The US is proposing legislation that will undermine the freedom of sites like Facebook, YouTube and Wikipedia. The Stop Online Piracy Act (SOPA) is the biggest threat to free speech on the Internet ever.
SOPA would give US courts the power to take down any website accused of practicing or aiding piracy. Whilst this might seem like a good thing, critics allege that the legislation has been too broadly worded, leading to draconian shut-downs of any site that studios and record labels didn't like.
The SOPA legislation is THE MOST EVIL proposal for the Internet since its invention. It would make all website owners liable for all content posted on their sites. That means that if someone posts a libellous Facebook message about someone else, Facebook would be liable. If someone posts an inaccurate Wikipedia entry, Wikipedia would be liable. If someone uploads a pirated YouTube video, YouTube would be liable.
This is like making the Post Office liable for what people send in the post, or BT liable for what people say on the phone. It's absolute nonsense. In the words of blogger "memcpy", who has written a summary of the SOPA legislation, "SOPA is disguised as an anti-piracy bill ..... The bill is, in actuality, designed to obliterate free speech on the internet and allow media publishing companies to commercialize everything." (You can also view a 2-minute video summarising SOPA here.)

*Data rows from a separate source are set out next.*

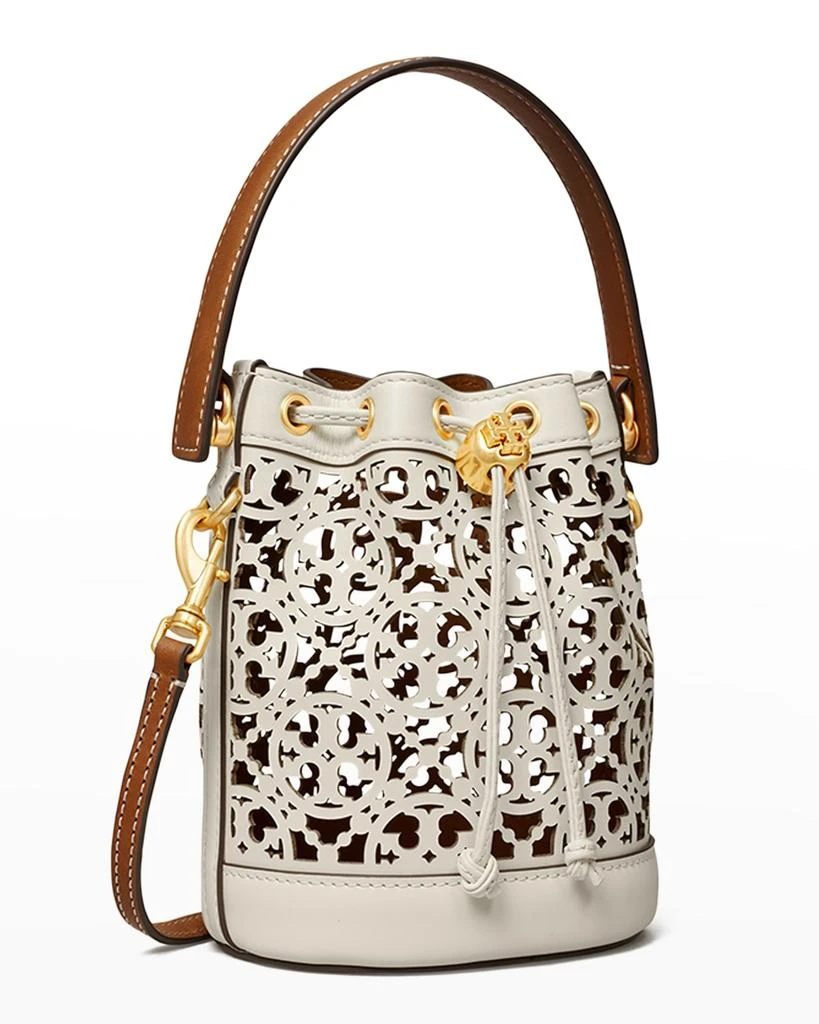 商品Tory Burch|Mini T Monogram Laser-Cut Bucket Bag,价格¥2013,第2张图片详细描述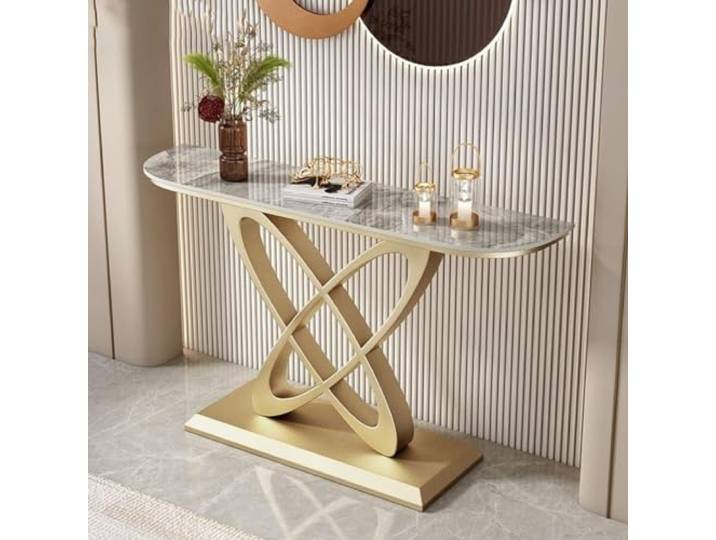 GWWBD Moderner Konsolentisch mit Metallfuß, Sofatisch, Flurtisch für Wohnzimmer, Eingangsbereich, Flur, Eingang, 80 x 30 x 80 cm (Farbe: Gold 3)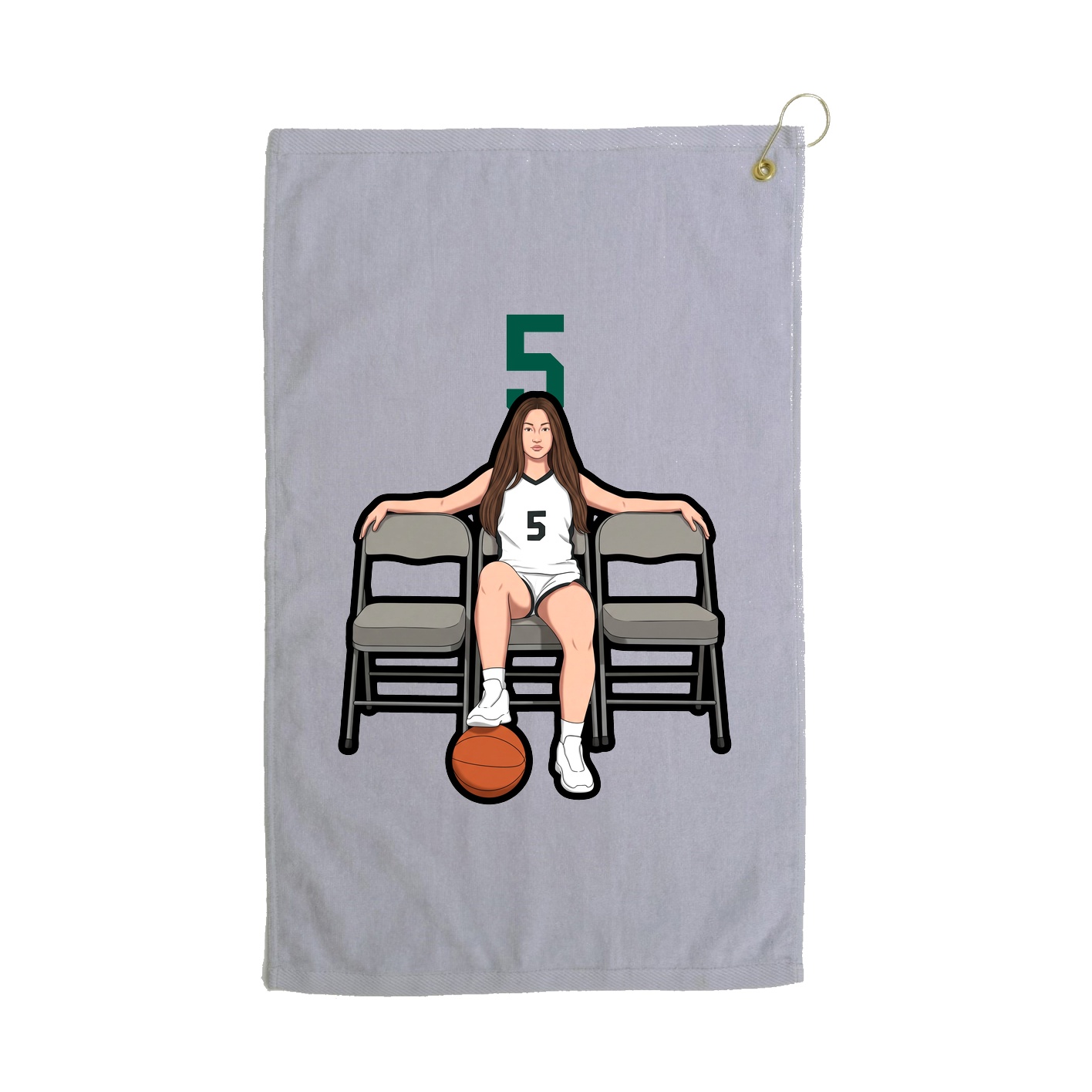 Golf Towel — Number Top in Grey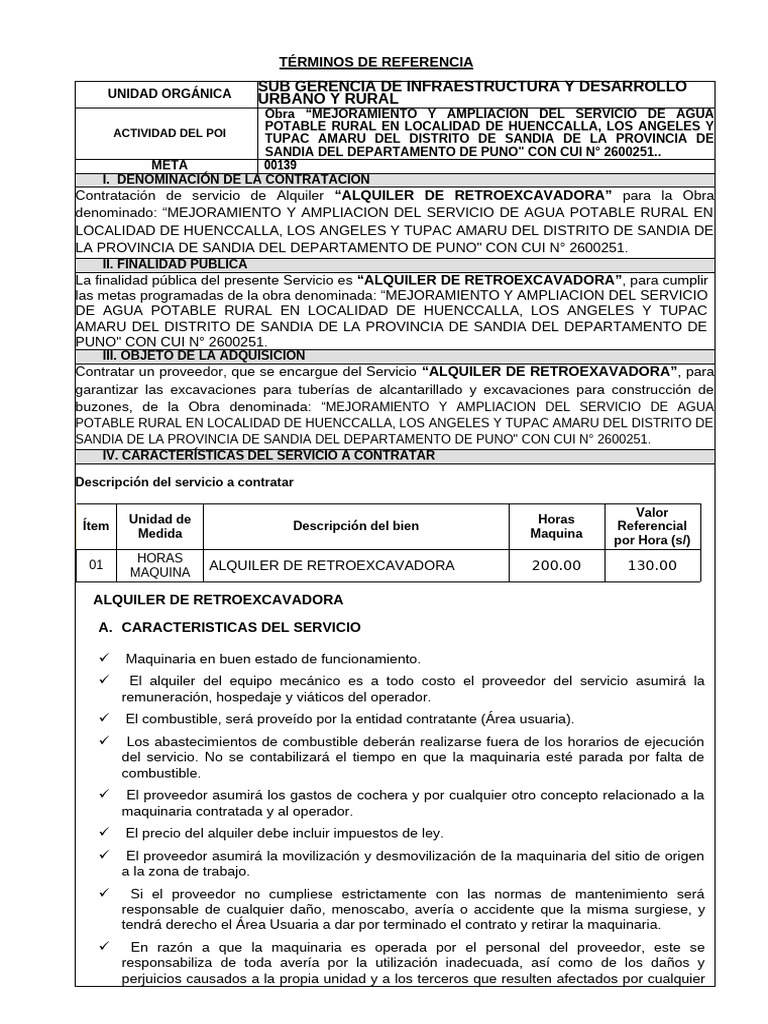 Alquiler de Retroexcavadora en Puno | PDF | Corrupción política | Arbitraje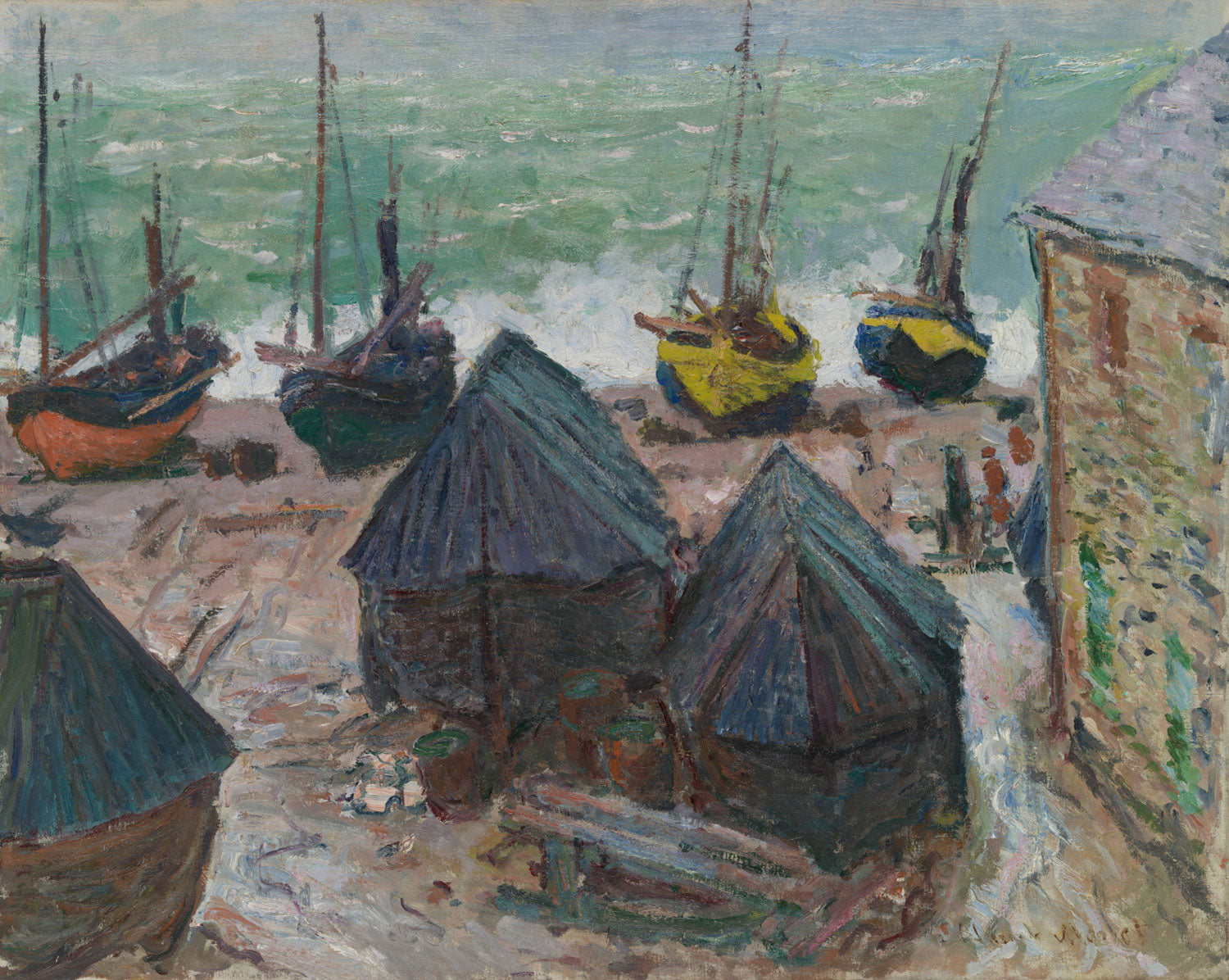 Gemälde von Claude Monet mit dem Titel 'Boats on the Beach at Étretat', das Fischerboote am Strand von Étretat in der Normandie zeigt, eingerahmt von rustikalen Hütten und den sanften Wellen des Meeres, gemalt im impressionistischen Stil.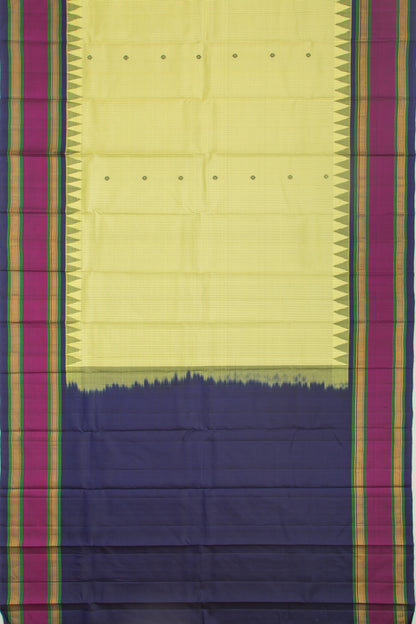 Kanchipuram Silk Checks And Butta Lemon Yellow Saree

The legislation means that if a website infringes copyright, ISPs will be required to return an empty response if the web address is entered into a browser. The risk of being taken offline and facing mutli-million pound lawsuits would mean that sites like Facebook, Wikipedia and YouTube would cease to operate as they do now.
In their place, you can expect to see corporate-sponsored sites which replaced freedom of speech with marketing messages. Coming to a computer-screen near you in the very near future if this legislation gets through!
Many big names have spoken out against these proposals. In an open letter published in several US newspapers, the founders of Google, Flickr, Yahoo, YouTube, PayPal, Wikipedia, Twitter and eBay wrote that the legislation would "give the US government the power to censor the web using techniques similar to those used by China, Malaysia and Iran". Facebook, AOL, Mozilla, LinkedIn, Sony, Electronic Arts and Nintendo also oppose the legislation.
You may think this legislation won't affect you because it's in the US and we live in Britain - but US prosecutors are already applying for extradition orders against British citizens for breach of US copyright. If they are successful, British student Richard O'Dwyer faces a five-year prison sentence.
Mr O'Dwyer hasn't been to America since he was five years old, his website was hosted in the UK and he has never posted any copyrighted content. But because his site allowed people to find copyrighted content on other sites, the US think that he should be sent over there and jailed. That is not even a criminal offence in the UK, the country of his birth where he lives.
SOPA would make breach of copyright a felony under US law, making such extradition orders easier to enforce. The penalties are completely disproportionate to the "crime". In 2009, a US court awarded $1.9 million in damages to record companies against a single individual for downloading 24 songs. It is inconceivable that the record companies suffered losses of almost $80,000 per song.
HERE'S THE MOST SINISTER TRUTH OF ALL!!
The media companies who have to date spent over $100 million lobbying in favour of SOPA have also been encouraging people to pirate their content, distributing pirating software and explaining how to use it to breach copyright for over a decade! This video makes very interesting viewing, if you can stand the annoying presenter (like Michael Moore on speed).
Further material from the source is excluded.